SALT LAKE CITY — It was all there in this somber and nearly silent locker room. The shock of a trade. The hope. The risk. The heaviness of losing teammates. And the chance that this is the start of something big.
All there. All part of life in the NBA, but all impossible to fully process just an hour before tipoff — or maybe even over a few days or weeks.
The Warriors absorbed their momentous (but still unofficial) acquisition of Jimmy Butler in real-time, in front of the media, just about an hour before tipoff Wednesday night at the Delta Center in Utah. Andrew Wiggins sat in a corner as teammates approached him — just before reporters were asked to leave the locker room to let Steve Kerr address the team.
The Warriors were getting set for a new beginning after their biggest addition since signing Kevin Durant in 2016. But first, they had to say goodbye to Wiggins, Kyle Anderson, Dennis Schroder, and Lindy Waters — all heading out in this three-team trade.
“Our guys were in the locker room getting ready to play,” Kerr said, “then all of a sudden, you know, we’re saying goodbye.”

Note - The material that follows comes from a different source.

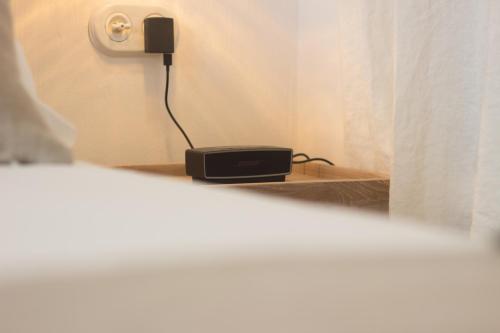 S'Hotelet d'es Born - Suites & SPA - image 13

All of the emotions. All at once.
“I’m glad the way we did it, looking back,” Curry said after the Warriors’ distracted, come-from-ahead, last-minute loss to the woeful Jazz. “To have that moment with our team in the locker room and just us talking for Wiggs, especially, the amount of time he’s been here. What he meant to our team and our franchise, to help us climb the mountaintop again back in ’22. He changed a lot for us for the better, and I hope his experience with us changed a lot for him as well.”
In many ways, the depth of the Warriors’ emotions — so evident on every one of their faces and in the wobble in Kerr’s voice after the game — was exactly why Wiggins didn’t want to leave and also why the Warriors have a chance to get the best out of Butler after his latest tumultuous exit.
It might not work out. Butler might blow up on the Warriors in a year — even after he agreed to a two-year, $112 million extension — the same way he just blew up on the Miami Heat and blew up on the Minnesota Timberwolves before that. Nobody blows up like Butler. But the Warriors were a safe harbor for Wiggins back when they acquired him five years ago, and that led to the 2022 championship. As Curry said: He made them better, and they definitely made him better.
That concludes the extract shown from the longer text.